The problem is that ‘climate impact attribution’ may be too narrow as it does not include all changes in the ‘climate-related systems’ including sea level rise or changes in atmospheric CO2 and CH4 concentrations. When adjusting the introduction in response to the comment on introducing the definition in the beginning we have added the following sentence to be as explicit as possible:

“However, in this paper the term ‘impact attribution’ is used as a short form of ‘attribution of observed changes in natural, human and managed systems to observed changes in the climate-related systems’ which is the focus of the ISIMIP3a experiments.”

• Lines 417 ff:

“Thereby, models can either explicitly represent known changes in non-climate drivers such as known adjustments of fertiliser input or growing seasons (explicit accounting for non-climate drivers) or implicitly account for their potential contributions by e.g., allowing for non-climate related temporal trends in empirical models as often done in empirical approaches (implicit accounting for non-climate drivers).

comment: I don’t get it

In empirical models it is quite typical to allow for fixed effects such as a common temporal trends in GDP when building a model to quantify the effect of ‘number of people affected by flooding’ on national economic development or a model explaining the effects of low soil moisture on observed crop yields. These temporal trends then represent general socio-economic development or technological progress in agriculture without explaining it in terms of the DHF we provide (e.g. fertiliser inputs).  This is what is meant by the sentence that is used in a similar way in chapter 16 of the IPCC AR6. 

• Line 474:

“... we focussed on including …”

comment: single “s”

Corrected accordingly!

• Line 482 ff:

“W5E5 v2.0 combines WFDE5 v2.0 (WATCH Forcing Data methodology applied to ERA5 reanalysis data over land; Cucchi et al., 2020) with data from the latest version of the European Reanalysis (ERA5; Hersbach et al., 2020) over the ocean.

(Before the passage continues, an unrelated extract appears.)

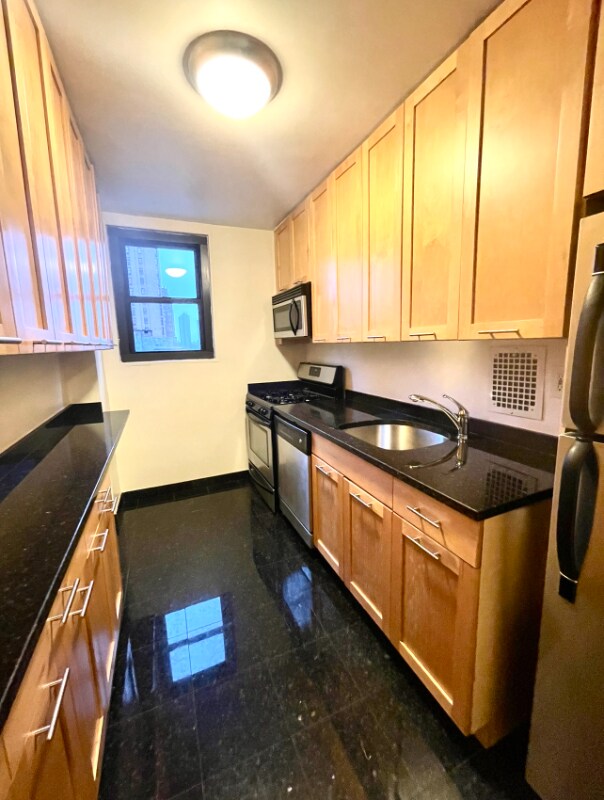 Foto del edificio - 333 E 49th St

comment: “can you remind if WFDE5 includes bias correction? on which variables?”

Thanks, yes it includes bias correction. We added the following sentence to the manuscript to explain this: "WFDE5 v2.0 is generated with the WATCH Forcing Data methodology that includes bias adjustment of all variables (Cucchi et al., 2020)."

• Line 519:

“We then remove these observed trends since 1901 from the observational data …”

comment: prefer passive form

We adjusted the sentence as follows: “These observed trends since 1901 are then removed from the observational data …”

• Line 645 (Table 6: “1-minute sustained wind speed”, “Maximum 1-minute sustained wind speed during the whole storm duration”)

comment: the two lines may be lumped in a unique entry (gridded maps of max wind speed?)

We would like to keep variables in separate rows if they have different dimensions. The first variable has an explicit time dimension while the second has not. We revised the variable names and descriptions to make this more explicit.

• Line 645 (Table 6: “National territory exposed to wind speeds of at least 34, 48, 64, 96 knots”)

comment: This entry could be lumped with the following two, under "wind exposure' for instance

All the Tables in section 3 and 4 should be structured in a ‘one variable per row’ manner. We would like to keep this structure to mimick the input data tables provided in the simulation protocol. We only lump variables that basically have the same names only distinguished by e.g. the different wind speeds in Table 6 or the ‘_rainfed’ or ‘_irrigated’ specifier in Table 11. We have adjusted the structure of Table 11, 12, and 13 accordingly. 

• Line 645 (Table 6: “rainfall - mm”)

comment: it's not a rainfall rate, the time step is missing

We provide the rainfall totals. We improved the wording in the text and the naming of the variable to make this clear.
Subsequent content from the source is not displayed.